*Assigned task*. Retype each line of the data below exactly, beginning with the first and ending with the one that contains "Steampunk Leather Hendricks". Pictures do not belong in the copy.
====
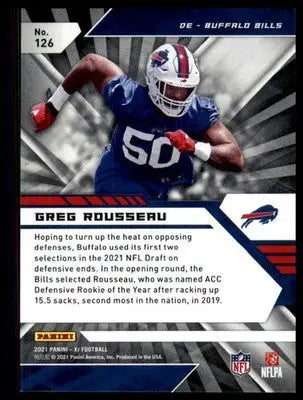 Greg Rousseau football card from 2021 Panini XR Blue Buffalo Bills limited edition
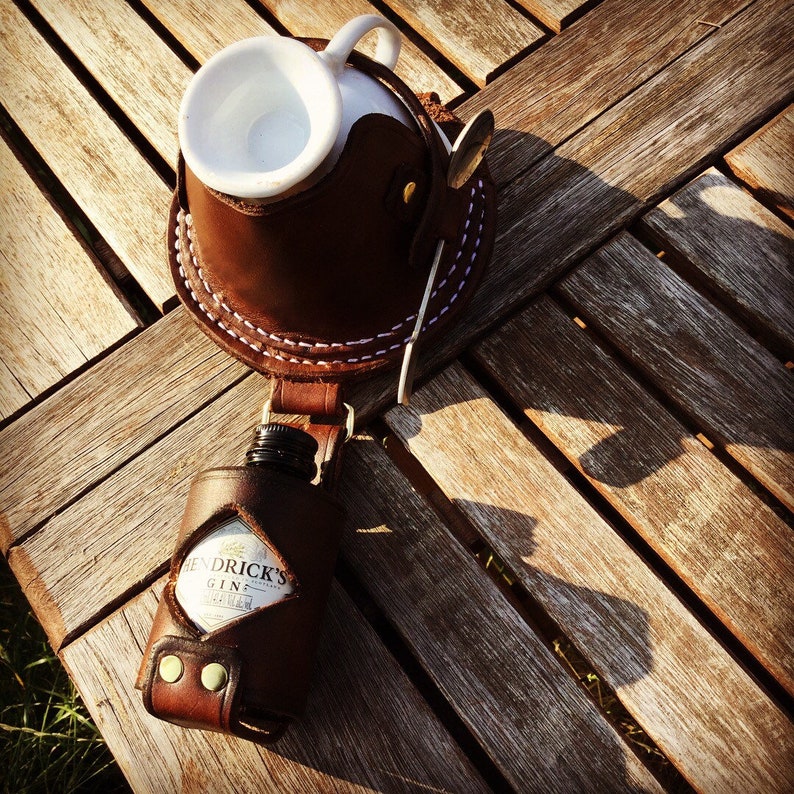 Steampunk Leather Hendricks Gin teacup and saucer holster. Free UK Delivery. genuine handmade leather pouch. image 1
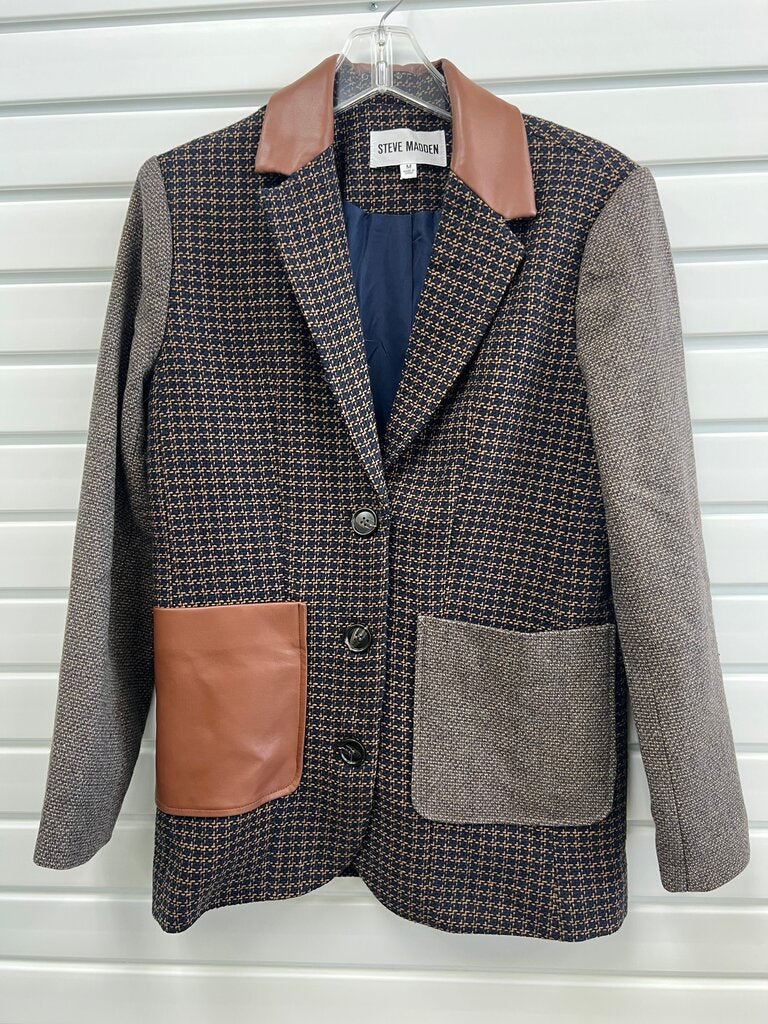 Steve Madden Kelly Mixed Media Tweed Blazer – Navy Camel Houndstooth, Faux Leather Collar & Pocket, Patchwork – Women’s M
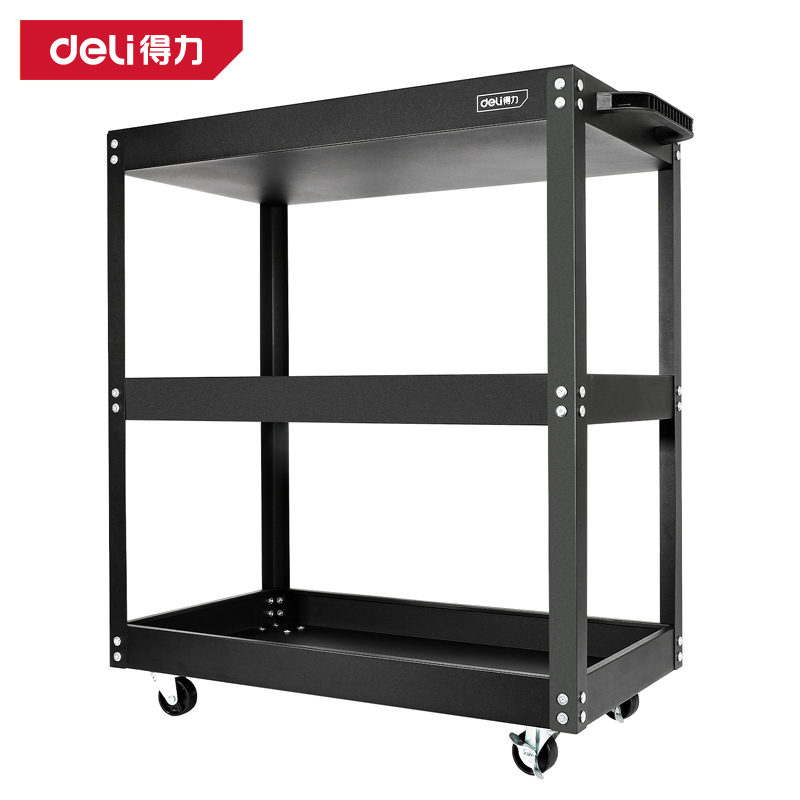 得力工具DL433023加强型三层工具车75x35x76cm(黑)(台)
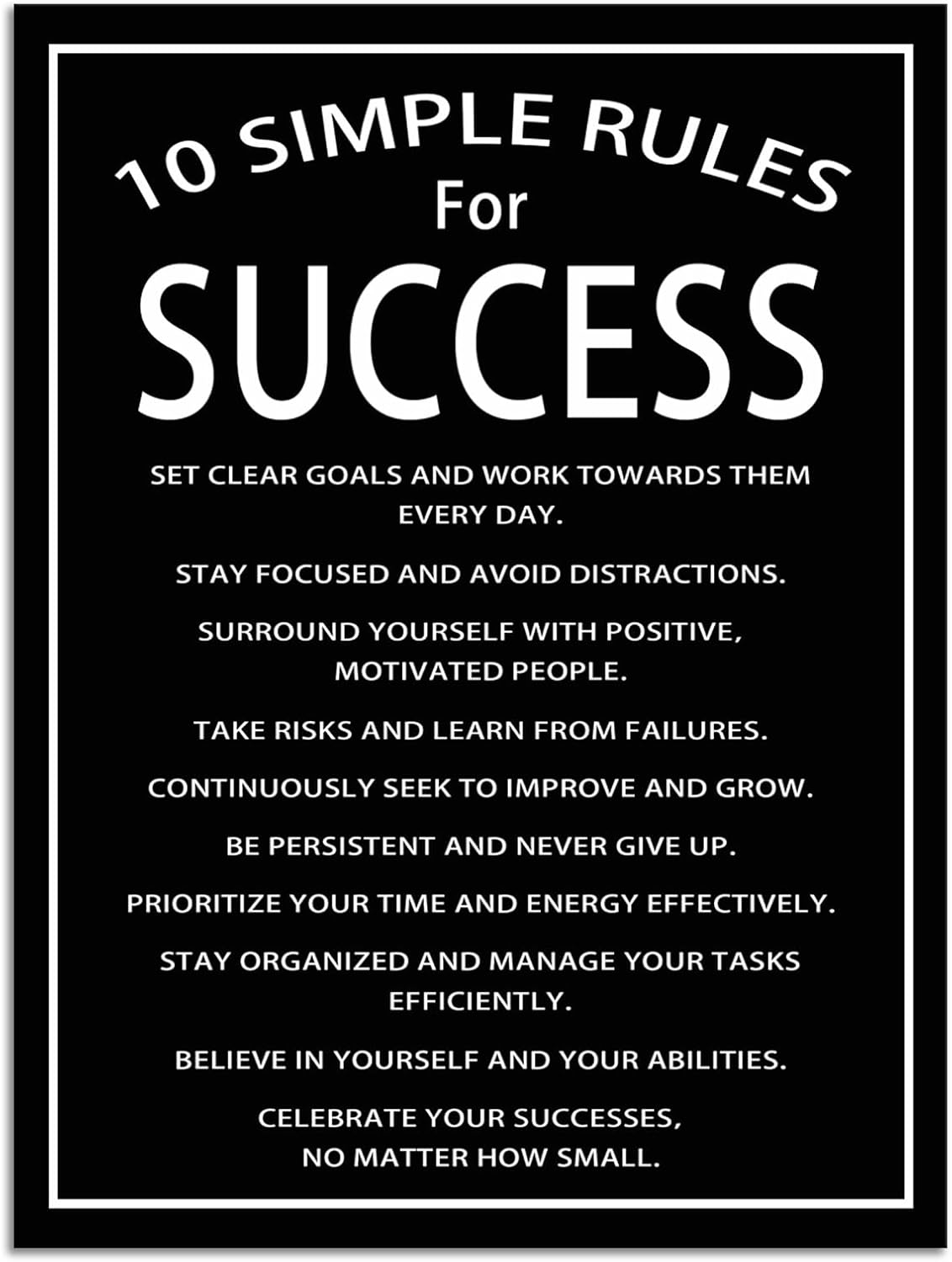Inspirational Canvas Wall Art Motivational Poster Inspiring Quotes Painting 10 Simple Rules For Success Picture Print Artwork Office Wall Decorations for Living Room Bedroom Framed[18''W X 24''H]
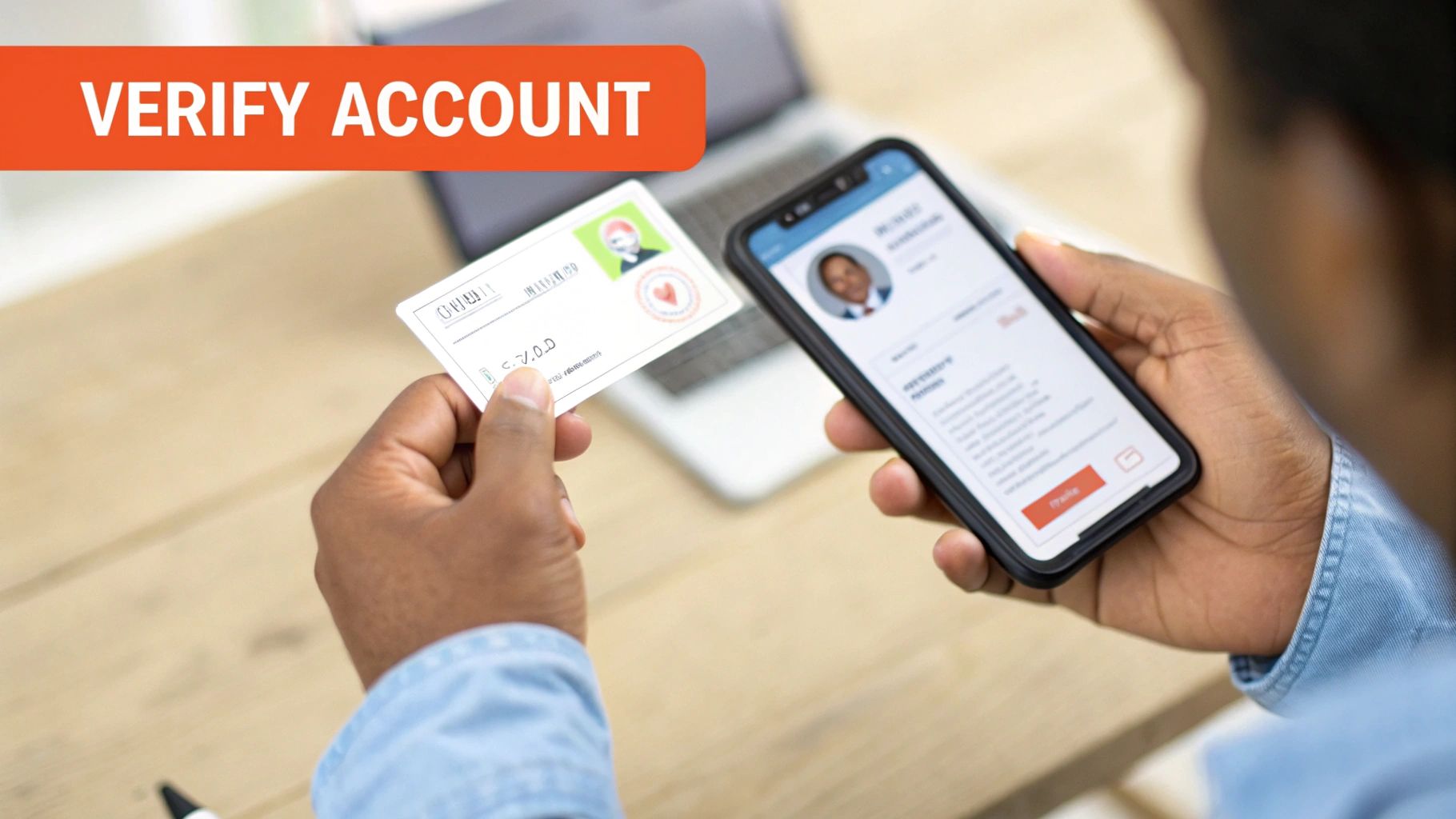 Hands holding an ID card and smartphone, verifying an online account with 'VERIFY ACCOUNT' banner.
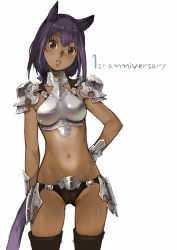 10s 1girl animal_ears arm_behind_back armor bikini_armor black_thighhighs branch_(blackrabbits) breasts brown_eyes cameltoe cat_ears cat_tail dark-skinned_female dark_skin english_text final_fantasy final_fantasy_xiv head_tilt knight long_hair looking_at_viewer miqo&#039;te open_mouth purple_hair simple_background solo tail thighhighs warrior warrior_of_light_(ff14) white_background  rating:Sensitive score:135 user:danbooru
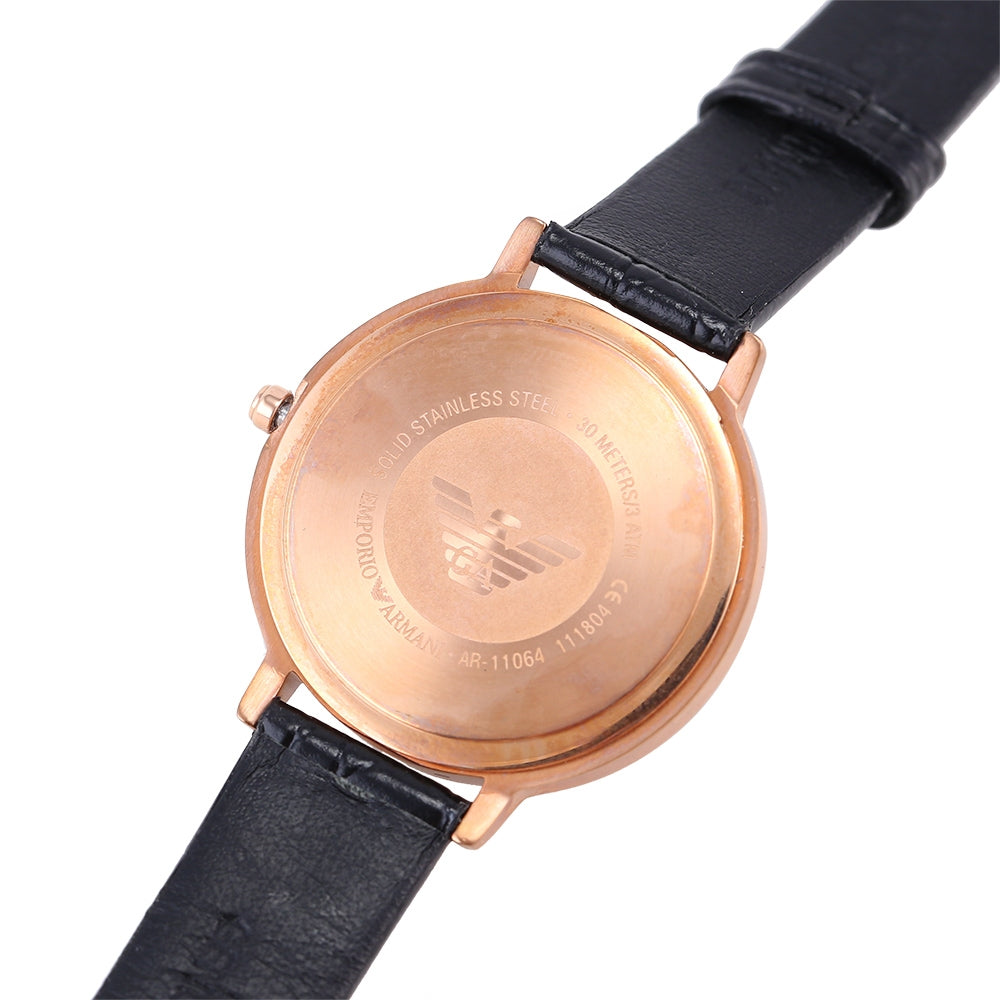 Shop Authentic Emporio Armani Kappa Quartz Black Dial Black Leather Strap Watch For Women - AR11064 - Luxxuri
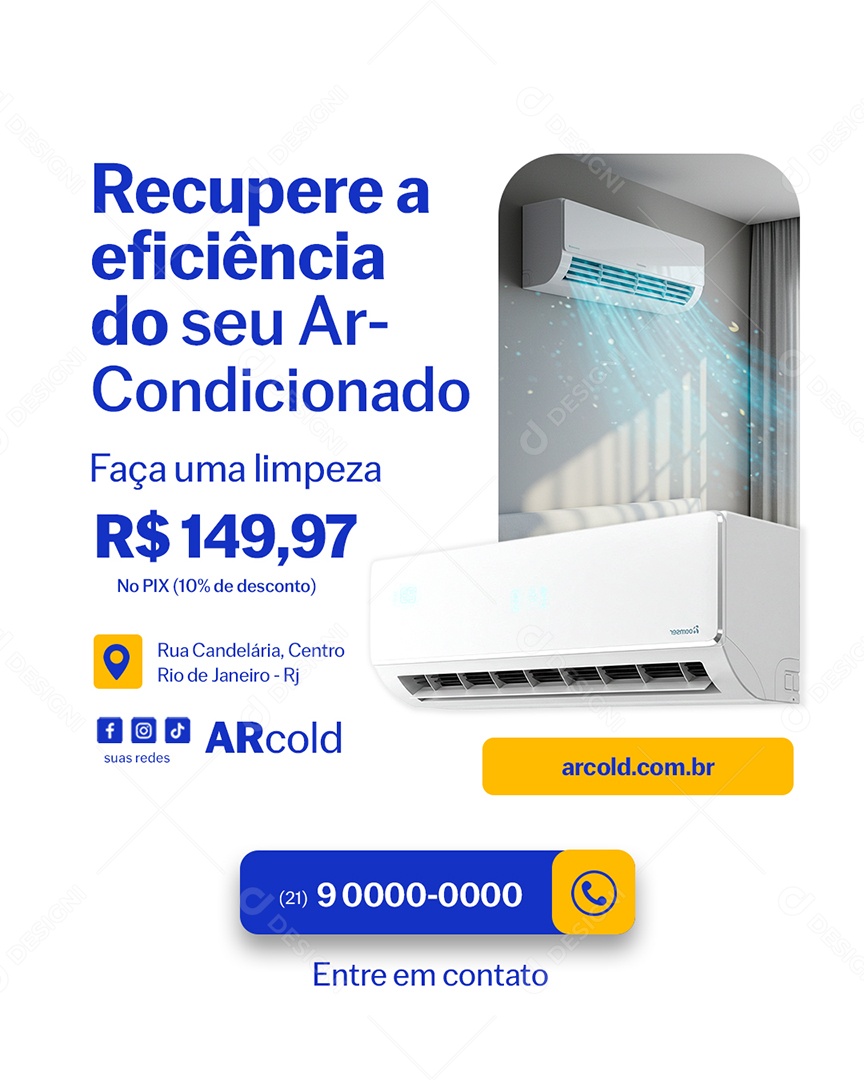 Ar Condicionado Recupere a Eficiência Social Media PSD Editável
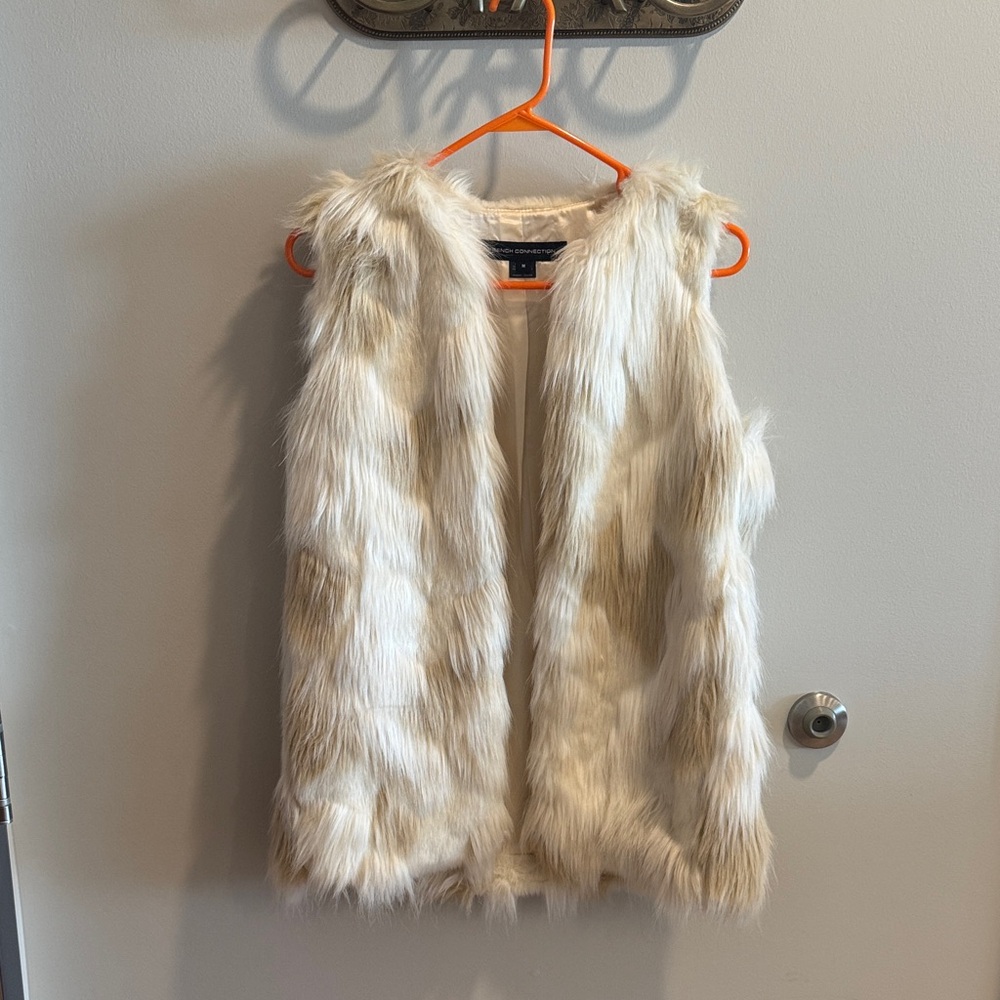 French Connection Faux Fur Vest in Cream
====
*Response below*.
 Greg Rousseau football card from 2021 Panini XR Blue Buffalo Bills limited edition
 Steampunk Leather Hendricks Gin teacup and saucer holster. Free UK Delivery. genuine handmade leather pouch. image 1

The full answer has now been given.